A second generation of crawlers is active in in late summer/early fall.

More information on walnut scale and management practices is available at www.ipm.ucdavis.edu

The UC IPM guidelines list biological approaches as one option for controlling walnut scale. They include two predators—the twicestabbed lady beetle, Chilocorus orbus, and another small beetle, Cybocephalus californicus —which often occur in numbers large enough to control low to moderate population levels of the walnut scale. But these predators may not provide timely control if scale populations are high. Two parasitic wasps, an Aphytis and an Encarsia species, also are prevalent on walnut orchards and help control this pest.

Biological control and sprays of narrow range oils can be used in an organically-certified crop.

Insecticides are another alternative.

Michailides, along with Janine Hasey, UCCE farm advisor for Colusa, Sutter and Yuba Counties and Bob Van Steenwyk, a UC Berkeley research entomologist, studied the effectiveness of six insecticides in controlling walnut scale in a field trial last. They describe their findings in the March, 2015, issue of Sacramento Valley Walnut News. Their article also includes results of 2014 research updates and fungicide trials to manage Bot canker and blight.

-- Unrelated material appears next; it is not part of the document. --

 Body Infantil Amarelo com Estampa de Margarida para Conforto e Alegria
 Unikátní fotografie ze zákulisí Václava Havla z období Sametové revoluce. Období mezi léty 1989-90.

The insecticide trial involved a Yuba County orchard of Vina walnuts. To monitor walnut scale the researchers wrapped double-sided sticky tape on two limbs of each tree in their study on March 25, 2014, catching the first crawlers on April 23. They tested six insecticides using a total of nine different treatments.

Depending on the material, walnut scale sprays are applied either at delayed dormant (typically March) or after crawlers have emerged (typically May), the researchers said. In this trial, rain postponed the delayed dormant treatment until April 8, when the researchers applied the insect growth regulators (IGRs) Seize 35WP and Centaur 70. Treatments targeting crawlers were sprayed on May 6 at early crawler emergence. Sprays were applied using a hand held orchard sprayer at about 200 gallons per acre. The researchers counted the walnut scale crawlers on the sticky tape from May 5 to June 2 in a lab.

To determine possible delayed effects from the insecticides, they sampled lateral branch sections from each tree in January, 2015, for live overwintering second instar and adult female walnut scale.

Here’s a summary of their findings:

Spring/Early June, 2014, trials

  • Centaur 70WDG applied post delayed dormant provided excellent control. It had significantly lower walnut scale than all materials applied at crawler timing and lower scale than Seize 35WP, the standard delayed dormant material, which provided acceptable control.

  • Assail 30SG (high rate), Centaur 70WDG, and Brigadier 2EC applied at crawler timing provided acceptable control.

  • Assail 30WG at the low rate, Movento 2SC, and Sequoia 2SC were not significantly different from the untreated control.

January 2015 Follow-up:

  • Centaur 70WDG and Seize 35WP (delayed dormant application) and Movento 2SC, Centaur 70WDG, and Brigadier 2EC (crawler application) provided excellent long-term walnut scale control at eight months after application

  • Sequoia 2SC and Assail 30SG at the high and low rate were not significantly different from the untreated check.